Feasibility, Validity, and Reliability of Lower Limb Tactile and Body Awareness Assessments in Children With Upper Motor Neuron Lesions

Arch Phys Med Rehabil. 2023 Sep;104(9):1447-1455. doi: 10.1016/j.apmr.2023.02.017. Epub 2023 Mar 18.

Abstract

Objective: To investigate the feasibility, discriminative and convergent validity, and inter-rater reliability of a lower limb tactile function and 2 body awareness assessments in children with upper motor neuron (UMN) lesions.

Design: Cross-sectional psychometric study.

Setting: Pediatric rehabilitation center.

Participants: Forty individuals with UMN lesions (mean age 11.7 years, SD 3.4 years; 27 girls) and 40 neurotypically developing children of the same age participated (N=80).
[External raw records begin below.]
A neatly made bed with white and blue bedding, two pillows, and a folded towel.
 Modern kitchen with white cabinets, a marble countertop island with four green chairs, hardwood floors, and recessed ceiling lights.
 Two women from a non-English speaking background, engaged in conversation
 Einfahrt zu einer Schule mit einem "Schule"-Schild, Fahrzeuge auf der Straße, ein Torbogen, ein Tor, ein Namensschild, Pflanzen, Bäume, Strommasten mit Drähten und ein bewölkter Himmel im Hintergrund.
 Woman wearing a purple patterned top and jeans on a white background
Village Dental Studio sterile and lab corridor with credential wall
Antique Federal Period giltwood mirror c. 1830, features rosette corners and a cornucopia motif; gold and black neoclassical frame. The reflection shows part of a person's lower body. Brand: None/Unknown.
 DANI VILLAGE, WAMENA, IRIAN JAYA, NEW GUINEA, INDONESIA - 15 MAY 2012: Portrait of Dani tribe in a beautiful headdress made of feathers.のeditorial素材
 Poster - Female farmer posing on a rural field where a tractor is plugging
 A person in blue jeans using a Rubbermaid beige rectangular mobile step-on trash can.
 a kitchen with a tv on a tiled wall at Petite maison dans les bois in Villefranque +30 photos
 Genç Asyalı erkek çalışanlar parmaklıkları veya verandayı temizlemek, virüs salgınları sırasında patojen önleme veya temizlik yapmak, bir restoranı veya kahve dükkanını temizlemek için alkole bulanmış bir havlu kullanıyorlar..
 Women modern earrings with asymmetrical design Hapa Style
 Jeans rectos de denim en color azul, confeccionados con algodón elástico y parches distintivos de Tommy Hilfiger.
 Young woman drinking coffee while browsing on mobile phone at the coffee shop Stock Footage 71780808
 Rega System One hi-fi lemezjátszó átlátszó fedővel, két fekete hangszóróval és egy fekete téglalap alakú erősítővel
Interventions: Not applicable.

Main outcome measures: We assessed the tactile threshold (TT) with monofilaments and body awareness with tactile localization tasks (TLTs) for structural (TLTaction) and spatial (TLTperception) body representation at the foot sole. We compared the test outcomes between children with UMN lesions and neurotypically developing children with the Wilcoxon signed-rank test. Furthermore, we quantified the relations between the 3 tests with Spearman correlations (rs) and the interrater reliability with quadratic weighted kappa (κQW).

Results: About 80% of the children with UMN lesions perceived the tests easy to perform. The children with UMN lesions had significantly reduced somatosensory function compared with the neurotypically developing children. For the more affected leg, we found good relations between the TT and the TLTaction (rs=0.71; P<.001) and between the 2 TLTs (rs=0.66; P<.001), and a fair relation between the TT and the TLTperception (rs=0.31; P=.06). The inter-rater reliability analyses for the sum scores showed almost perfect agreement for the TT (κQW more affected leg 0.86; less affected leg 0.81), substantial agreement for TLTactionQW more affected leg 0.76; less affected leg 0.63), and almost perfect agreement for TLTperceptionQW more affected leg 0.88; less affected leg 0.74).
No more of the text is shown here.